What the task asks. When writing out the listing below, reproduce every word exactly and skip the pictures.

Supplied data.
____
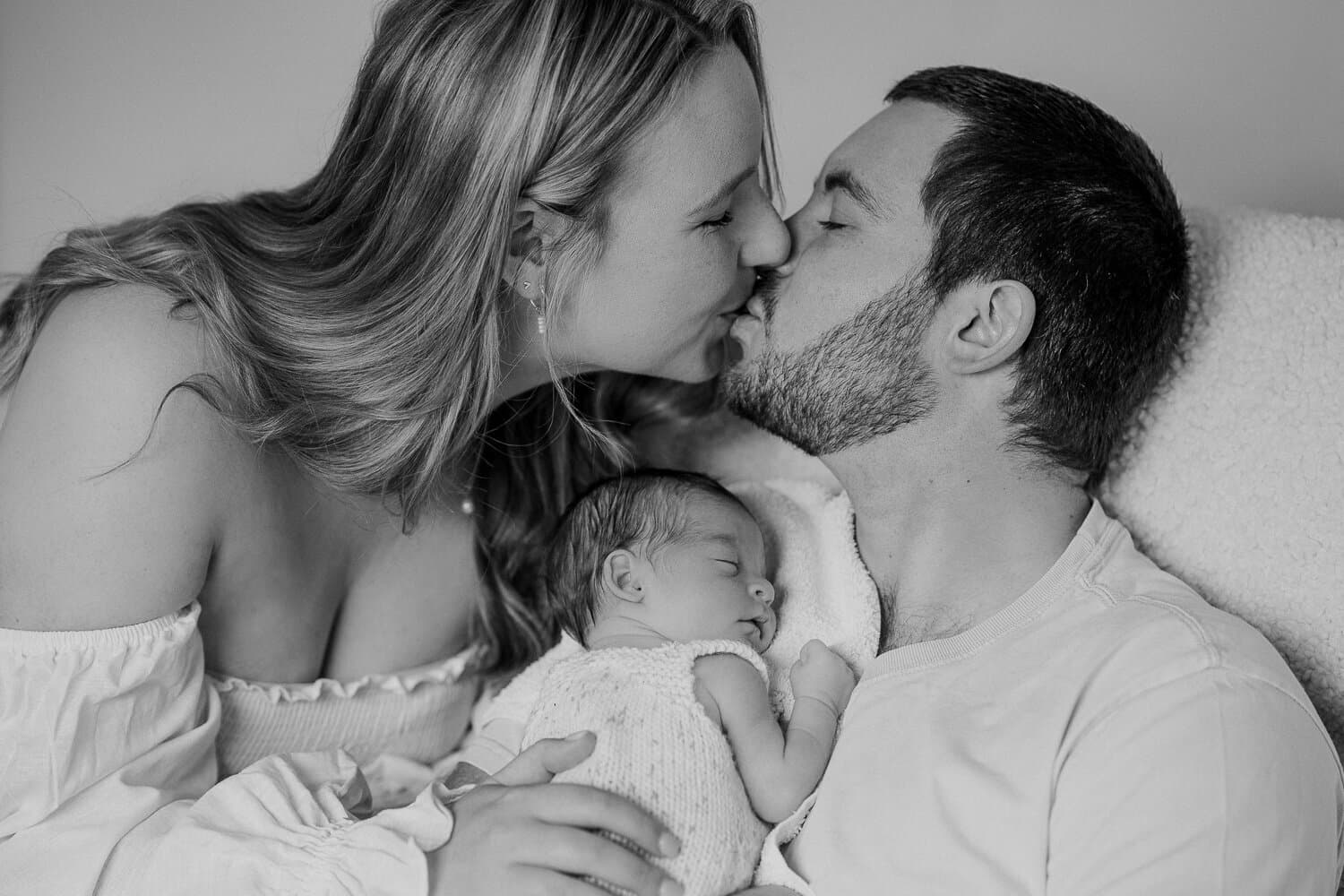 Black and white photograph of new parents kissing over their sleeping newborn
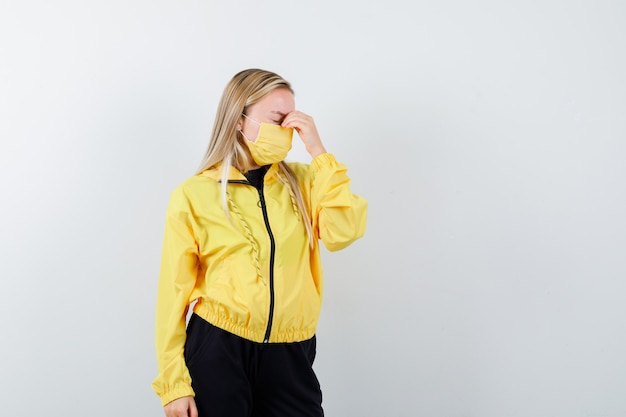 Free photo blonde lady rubbing eyes and nose in tracksuit, mask and looking tired , front view.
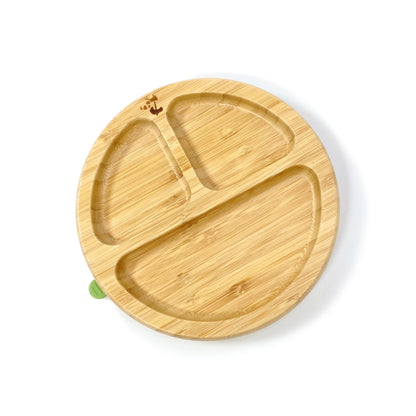 A children’s bamboo section plate with olive green silicone suction ring on the base.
____
Solution for this exercise.
 Black and white photograph of new parents kissing over their sleeping newborn
 Free photo blonde lady rubbing eyes and nose in tracksuit, mask and looking tired , front view.
 A children’s bamboo section plate with olive green silicone suction ring on the base.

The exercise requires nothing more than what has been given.